Erbe selvatiche in cucina, quali e dove vengono raccolte?

Erbe selvatiche, fiori, olio evo: un piatto di Mariangela Susigan
Erbe selvatiche, fiori, olio evo

Ne conosco più di 150. Faccio la “nomade”, seguendo cartine geografiche mentali come i raccoglitori di funghi. La Valchiusella è la più integra per la raccolta ed è molto ricca di erbe selvatiche. Grazie ad Adriano Olivetti non si è mai perso il microequilibrio. Ma raccolgo in tutto l’anfiteatro morenico.

Le erbe spontanee hanno una microstagionalità: il periodo è da metà aprile a giugno: tarassaco, papavero, crescione di sorgente, l’aruncus. E l’aglio orsino: ci sono boschi ricoperti per chilometri. Con questo faccio del pesto, il burro, un succo. Poi la silene, con cui si realizzano ottimi risotti, l’ortica. Per tantissime preparo delle conserve. E anche estratti, succhi, cocktail e aperitivi, come quello di Rumex acetosa, mela verde e gin The Botanist.

Piatto simbolo?

Ravioli di ortiche e borragine, malva e calendula: un piatto di Mariangela Susigan
Ravioli di ortiche e borragine, malva e calendula

Amo molto l’aglio orsino. Preparo un piatto stravagante: un’insalata di rognone cotto a bassa temperatura con il gin, lumache lavorate con cipolla e salvia e pesto d’erbe, accompagnate da lampone e succo di aglio orsino, finito con crescione di sorgente. L’ho inserito nel menu Essenze e consistenze, che propone una degustazione di erbe o (durante l’inverno) altre specialità.
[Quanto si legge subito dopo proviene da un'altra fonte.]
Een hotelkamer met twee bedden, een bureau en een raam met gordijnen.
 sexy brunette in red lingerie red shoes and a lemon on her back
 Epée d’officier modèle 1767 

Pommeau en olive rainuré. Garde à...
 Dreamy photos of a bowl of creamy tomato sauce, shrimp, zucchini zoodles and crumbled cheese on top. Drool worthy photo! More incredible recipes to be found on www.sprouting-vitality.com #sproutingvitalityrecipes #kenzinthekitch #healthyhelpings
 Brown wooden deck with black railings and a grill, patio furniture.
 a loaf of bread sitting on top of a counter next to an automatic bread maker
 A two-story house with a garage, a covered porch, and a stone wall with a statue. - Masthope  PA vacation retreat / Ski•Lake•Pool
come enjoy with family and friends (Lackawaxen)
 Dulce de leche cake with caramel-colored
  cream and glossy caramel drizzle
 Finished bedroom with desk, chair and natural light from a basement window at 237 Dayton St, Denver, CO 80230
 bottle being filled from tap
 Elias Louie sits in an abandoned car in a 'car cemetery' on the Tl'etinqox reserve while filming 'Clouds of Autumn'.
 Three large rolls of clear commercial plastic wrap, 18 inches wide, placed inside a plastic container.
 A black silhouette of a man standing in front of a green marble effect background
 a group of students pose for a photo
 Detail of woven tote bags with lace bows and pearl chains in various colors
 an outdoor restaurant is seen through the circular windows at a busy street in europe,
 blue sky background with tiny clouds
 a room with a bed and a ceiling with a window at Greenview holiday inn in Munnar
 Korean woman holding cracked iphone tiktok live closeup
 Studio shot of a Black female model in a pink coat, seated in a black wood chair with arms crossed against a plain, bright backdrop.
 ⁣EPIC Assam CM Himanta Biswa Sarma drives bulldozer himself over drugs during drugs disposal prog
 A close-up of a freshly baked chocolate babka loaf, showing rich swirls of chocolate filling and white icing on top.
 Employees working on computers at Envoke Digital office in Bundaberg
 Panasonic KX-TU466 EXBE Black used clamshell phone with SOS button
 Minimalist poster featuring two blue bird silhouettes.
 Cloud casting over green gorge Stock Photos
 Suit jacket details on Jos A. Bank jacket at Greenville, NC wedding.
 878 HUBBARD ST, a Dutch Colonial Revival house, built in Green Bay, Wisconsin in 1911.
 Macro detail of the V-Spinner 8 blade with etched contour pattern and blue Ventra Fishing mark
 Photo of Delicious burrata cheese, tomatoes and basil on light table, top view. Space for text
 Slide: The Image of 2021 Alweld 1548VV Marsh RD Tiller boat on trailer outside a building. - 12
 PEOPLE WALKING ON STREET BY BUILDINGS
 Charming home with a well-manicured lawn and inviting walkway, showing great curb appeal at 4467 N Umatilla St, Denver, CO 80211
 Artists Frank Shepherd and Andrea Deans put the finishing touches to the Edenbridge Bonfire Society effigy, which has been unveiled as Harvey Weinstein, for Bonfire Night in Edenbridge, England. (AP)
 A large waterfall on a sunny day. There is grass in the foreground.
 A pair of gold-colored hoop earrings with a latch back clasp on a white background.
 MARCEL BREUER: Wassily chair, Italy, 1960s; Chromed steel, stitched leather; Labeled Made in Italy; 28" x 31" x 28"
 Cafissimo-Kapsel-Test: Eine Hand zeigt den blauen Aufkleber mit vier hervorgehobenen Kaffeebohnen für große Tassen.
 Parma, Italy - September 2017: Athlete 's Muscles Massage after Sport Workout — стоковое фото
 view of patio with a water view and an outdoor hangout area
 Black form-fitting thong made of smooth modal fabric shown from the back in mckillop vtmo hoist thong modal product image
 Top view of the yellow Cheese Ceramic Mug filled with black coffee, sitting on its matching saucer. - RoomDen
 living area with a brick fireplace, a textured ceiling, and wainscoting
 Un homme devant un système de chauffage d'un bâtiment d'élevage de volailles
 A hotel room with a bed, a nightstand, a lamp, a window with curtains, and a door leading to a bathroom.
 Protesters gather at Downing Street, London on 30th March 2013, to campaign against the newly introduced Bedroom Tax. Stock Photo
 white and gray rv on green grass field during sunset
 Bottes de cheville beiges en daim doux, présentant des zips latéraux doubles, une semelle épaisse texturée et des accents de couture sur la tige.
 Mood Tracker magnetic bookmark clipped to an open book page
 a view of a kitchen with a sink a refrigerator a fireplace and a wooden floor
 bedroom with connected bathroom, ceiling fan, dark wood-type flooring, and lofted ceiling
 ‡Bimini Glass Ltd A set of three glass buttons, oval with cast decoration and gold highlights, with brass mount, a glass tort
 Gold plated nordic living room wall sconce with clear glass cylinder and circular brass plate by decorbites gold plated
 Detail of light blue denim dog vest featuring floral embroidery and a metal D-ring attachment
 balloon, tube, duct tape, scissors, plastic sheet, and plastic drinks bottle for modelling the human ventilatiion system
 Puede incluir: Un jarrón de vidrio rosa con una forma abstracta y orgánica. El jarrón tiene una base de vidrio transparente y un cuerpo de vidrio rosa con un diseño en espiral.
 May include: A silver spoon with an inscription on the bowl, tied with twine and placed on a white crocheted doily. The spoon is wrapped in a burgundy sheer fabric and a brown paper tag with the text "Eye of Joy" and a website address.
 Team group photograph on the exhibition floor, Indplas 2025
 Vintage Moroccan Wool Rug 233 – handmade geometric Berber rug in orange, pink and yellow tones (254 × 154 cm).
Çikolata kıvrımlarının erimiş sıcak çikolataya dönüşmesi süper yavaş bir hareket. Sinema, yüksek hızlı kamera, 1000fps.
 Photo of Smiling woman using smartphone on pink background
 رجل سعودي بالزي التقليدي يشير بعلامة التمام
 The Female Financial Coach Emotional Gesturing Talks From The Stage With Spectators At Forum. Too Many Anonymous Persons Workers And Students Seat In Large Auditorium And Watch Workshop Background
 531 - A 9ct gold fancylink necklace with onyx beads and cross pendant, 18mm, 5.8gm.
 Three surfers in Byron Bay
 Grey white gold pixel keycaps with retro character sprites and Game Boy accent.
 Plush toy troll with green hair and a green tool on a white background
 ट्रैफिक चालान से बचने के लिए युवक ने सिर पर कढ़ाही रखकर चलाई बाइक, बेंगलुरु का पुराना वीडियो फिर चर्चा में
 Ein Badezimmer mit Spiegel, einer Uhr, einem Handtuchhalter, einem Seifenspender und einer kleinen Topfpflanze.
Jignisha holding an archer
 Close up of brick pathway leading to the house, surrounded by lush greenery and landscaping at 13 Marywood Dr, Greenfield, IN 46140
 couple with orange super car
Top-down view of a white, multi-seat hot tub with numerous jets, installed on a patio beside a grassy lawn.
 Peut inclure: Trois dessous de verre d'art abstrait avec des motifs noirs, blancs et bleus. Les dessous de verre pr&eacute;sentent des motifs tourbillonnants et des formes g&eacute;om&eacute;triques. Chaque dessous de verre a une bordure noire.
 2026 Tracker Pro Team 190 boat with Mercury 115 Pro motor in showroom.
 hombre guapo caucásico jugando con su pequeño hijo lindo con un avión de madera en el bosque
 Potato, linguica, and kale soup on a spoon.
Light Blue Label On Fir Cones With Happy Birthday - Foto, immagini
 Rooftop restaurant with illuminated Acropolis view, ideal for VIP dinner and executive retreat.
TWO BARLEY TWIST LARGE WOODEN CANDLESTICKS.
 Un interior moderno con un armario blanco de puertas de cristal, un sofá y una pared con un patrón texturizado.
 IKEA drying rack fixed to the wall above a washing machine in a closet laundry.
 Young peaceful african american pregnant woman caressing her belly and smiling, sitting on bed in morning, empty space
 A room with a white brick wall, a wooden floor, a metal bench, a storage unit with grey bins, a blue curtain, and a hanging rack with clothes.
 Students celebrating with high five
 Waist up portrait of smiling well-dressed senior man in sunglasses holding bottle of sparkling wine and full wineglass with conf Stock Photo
L’attenzione è anche alla circolarità, altro elemento che ha concorso nell’assegnazione della Stella Verde.

Non buttiamo via nulla. Riutilizzo gambi, foglie, parti esterne per creare brodi, fondi vegetali per dare gusto umami. Con le bucce delle carote bio preparo polveri colorate per decorare i piatti. E con gli scarti più grezzi dell’ortofrutta facciamo il compost per l’orto. Un ciclo completo.